Alma Sofia Centeno Santiago's mother and 11-year-old daughter, center, at her fifth-grade graduation, along with one of the daughter's friends.
Alma Sofia Centeno Santiago's mother and 11-year-old daughter, center, at her fifth-grade graduation, along with one of the daughter's friends.
Jennifer Pacheco

Centeno Santiago lives in Queens with her boyfriend, her 70-year-old mother, her two children and a niece. Before being arrested in April, she worked at a bakery and was the main income earner for her family.

Her mother came to the U.S. four months ago because she was being threatened by gangs in Guatemala. Santiago Bermudes now worries her daughter’s life will be in danger and that she will have no one to help her raise a newborn.

“There is no family waiting for her,” Santiago Bermudes said. “She’s going back to an empty life with no one there to give her a hand.”

The situation has been particularly hard on Centeno Santiago’s 11-year-old daughter, who recently graduated from fifth grade without her mother and recently recorded a video of herself crying and saying, “I can’t do this anymore.”

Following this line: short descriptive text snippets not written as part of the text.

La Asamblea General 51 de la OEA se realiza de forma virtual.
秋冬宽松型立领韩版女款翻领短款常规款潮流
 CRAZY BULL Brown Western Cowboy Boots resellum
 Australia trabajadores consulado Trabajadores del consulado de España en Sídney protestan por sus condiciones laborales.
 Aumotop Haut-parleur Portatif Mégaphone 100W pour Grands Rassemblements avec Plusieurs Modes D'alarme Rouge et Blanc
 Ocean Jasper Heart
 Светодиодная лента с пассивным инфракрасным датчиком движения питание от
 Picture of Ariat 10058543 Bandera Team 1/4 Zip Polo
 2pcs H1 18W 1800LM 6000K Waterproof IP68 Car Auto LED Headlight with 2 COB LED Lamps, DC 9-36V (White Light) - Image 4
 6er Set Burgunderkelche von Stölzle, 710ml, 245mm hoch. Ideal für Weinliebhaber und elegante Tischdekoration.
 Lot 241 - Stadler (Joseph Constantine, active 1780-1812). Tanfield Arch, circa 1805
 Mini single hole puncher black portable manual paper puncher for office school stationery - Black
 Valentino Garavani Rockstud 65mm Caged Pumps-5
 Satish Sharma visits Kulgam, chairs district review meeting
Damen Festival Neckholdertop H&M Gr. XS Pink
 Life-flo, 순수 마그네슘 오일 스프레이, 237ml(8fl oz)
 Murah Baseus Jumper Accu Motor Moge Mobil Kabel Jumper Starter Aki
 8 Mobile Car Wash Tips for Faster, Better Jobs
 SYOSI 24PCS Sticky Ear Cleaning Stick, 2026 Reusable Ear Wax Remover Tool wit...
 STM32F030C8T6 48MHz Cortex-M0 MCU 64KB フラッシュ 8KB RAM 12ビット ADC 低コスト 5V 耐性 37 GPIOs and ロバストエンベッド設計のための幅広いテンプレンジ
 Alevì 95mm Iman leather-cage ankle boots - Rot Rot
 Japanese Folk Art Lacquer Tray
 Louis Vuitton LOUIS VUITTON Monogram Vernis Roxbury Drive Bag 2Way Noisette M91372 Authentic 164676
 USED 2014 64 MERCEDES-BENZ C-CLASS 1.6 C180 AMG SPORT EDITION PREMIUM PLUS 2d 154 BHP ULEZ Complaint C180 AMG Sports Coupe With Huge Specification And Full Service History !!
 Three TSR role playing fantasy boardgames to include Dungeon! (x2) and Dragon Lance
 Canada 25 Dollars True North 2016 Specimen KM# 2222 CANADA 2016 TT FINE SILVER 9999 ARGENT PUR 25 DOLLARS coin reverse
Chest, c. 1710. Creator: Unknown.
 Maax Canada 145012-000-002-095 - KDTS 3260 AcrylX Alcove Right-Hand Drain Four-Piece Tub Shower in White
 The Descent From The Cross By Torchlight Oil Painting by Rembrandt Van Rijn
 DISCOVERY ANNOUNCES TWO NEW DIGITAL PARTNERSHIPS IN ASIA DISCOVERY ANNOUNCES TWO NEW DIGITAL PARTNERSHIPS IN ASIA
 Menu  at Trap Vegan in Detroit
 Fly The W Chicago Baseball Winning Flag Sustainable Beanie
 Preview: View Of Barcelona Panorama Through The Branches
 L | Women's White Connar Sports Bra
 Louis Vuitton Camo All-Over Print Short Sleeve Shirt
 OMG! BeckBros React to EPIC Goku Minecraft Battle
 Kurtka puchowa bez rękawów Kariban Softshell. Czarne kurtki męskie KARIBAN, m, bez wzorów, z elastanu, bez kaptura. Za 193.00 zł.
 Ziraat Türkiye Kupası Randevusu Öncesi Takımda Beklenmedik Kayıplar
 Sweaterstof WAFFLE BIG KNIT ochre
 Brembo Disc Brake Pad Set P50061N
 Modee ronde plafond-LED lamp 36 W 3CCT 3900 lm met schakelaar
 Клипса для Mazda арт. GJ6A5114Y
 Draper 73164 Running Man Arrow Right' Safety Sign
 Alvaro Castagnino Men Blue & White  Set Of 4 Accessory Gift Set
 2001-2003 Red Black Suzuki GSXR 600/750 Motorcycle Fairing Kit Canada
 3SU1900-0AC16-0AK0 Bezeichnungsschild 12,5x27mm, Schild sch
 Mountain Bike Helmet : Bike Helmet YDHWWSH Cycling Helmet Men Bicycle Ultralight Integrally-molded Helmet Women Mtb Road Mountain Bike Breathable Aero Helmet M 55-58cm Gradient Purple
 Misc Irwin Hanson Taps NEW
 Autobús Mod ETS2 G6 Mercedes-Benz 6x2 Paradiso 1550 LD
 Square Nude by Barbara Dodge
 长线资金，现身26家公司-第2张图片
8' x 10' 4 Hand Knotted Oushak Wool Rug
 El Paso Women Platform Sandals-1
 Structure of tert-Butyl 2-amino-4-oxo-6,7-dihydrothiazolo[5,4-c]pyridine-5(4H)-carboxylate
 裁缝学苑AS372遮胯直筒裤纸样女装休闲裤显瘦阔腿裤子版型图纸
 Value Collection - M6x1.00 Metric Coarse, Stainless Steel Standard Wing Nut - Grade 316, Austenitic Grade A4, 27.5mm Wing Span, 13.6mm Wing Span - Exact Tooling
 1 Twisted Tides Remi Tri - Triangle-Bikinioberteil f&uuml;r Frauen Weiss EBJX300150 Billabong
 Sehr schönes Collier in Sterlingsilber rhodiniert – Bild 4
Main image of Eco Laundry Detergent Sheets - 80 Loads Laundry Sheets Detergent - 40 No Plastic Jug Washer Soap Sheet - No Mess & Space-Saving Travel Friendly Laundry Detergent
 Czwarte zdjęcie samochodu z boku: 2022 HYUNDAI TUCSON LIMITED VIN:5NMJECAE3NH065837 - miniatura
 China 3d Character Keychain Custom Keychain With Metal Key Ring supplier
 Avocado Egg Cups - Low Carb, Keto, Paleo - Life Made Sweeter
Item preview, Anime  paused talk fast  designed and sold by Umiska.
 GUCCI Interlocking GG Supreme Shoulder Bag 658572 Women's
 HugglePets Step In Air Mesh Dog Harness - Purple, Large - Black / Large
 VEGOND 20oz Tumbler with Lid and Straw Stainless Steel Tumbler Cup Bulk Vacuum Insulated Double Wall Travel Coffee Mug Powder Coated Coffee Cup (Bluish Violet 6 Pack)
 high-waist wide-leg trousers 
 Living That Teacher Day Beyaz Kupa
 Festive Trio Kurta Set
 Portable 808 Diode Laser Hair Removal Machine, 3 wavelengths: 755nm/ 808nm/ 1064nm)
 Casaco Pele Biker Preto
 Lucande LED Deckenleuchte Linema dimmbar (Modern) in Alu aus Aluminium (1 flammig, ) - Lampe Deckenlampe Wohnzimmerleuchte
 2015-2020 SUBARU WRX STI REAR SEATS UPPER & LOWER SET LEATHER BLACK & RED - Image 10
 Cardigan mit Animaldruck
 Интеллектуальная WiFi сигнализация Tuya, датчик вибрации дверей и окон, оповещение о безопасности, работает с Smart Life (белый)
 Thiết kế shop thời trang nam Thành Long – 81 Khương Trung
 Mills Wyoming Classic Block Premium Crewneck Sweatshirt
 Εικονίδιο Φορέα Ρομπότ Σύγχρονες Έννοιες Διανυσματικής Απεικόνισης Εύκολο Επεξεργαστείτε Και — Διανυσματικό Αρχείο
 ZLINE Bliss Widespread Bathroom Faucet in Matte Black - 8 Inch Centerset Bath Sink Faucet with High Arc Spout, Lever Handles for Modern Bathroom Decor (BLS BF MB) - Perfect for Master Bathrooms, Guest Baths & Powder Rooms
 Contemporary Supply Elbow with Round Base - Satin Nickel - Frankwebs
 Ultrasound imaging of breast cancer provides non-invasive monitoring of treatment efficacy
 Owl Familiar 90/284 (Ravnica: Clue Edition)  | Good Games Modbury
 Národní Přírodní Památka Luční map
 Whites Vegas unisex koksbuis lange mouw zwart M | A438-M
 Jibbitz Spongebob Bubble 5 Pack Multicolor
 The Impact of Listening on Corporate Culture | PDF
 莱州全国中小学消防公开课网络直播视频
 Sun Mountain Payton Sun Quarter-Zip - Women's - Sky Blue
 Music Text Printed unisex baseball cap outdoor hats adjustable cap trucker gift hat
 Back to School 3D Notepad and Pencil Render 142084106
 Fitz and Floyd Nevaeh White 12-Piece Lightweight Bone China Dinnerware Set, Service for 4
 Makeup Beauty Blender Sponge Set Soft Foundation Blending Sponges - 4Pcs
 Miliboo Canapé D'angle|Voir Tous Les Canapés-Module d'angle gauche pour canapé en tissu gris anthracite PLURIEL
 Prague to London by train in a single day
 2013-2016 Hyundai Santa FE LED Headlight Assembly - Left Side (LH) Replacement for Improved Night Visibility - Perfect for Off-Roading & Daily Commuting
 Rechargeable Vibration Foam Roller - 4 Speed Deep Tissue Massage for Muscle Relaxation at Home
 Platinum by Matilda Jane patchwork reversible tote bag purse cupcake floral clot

But the family is also very concerned about the mother’s health inside the detention center. Jennifer Pacheco, a family friend who spoke with Centeno Santiago on Monday, said that by 1 p.m. the mother had still not been given breakfast and that the guards were refusing to serve her the fruits and vegetables she needed for a healthy diet.

“I’m scared for her,” said Pacheco. “She’s pregnant and she’s not being treated the right way.”

Ziesemer is hoping that on Tuesday, a judge will allow Centeno Santiago to stay in the U.S. so that she gets a fair chance to appeal her deportation order.

She says it’s unfair that the government would rip a family apart because she didn’t receive a piece of paper telling her when to show up in court.

“We should all be looking at the policies in place about how we treat and detain immigrants in ‘civil detention centers,’” she said. “It’s a total farce.”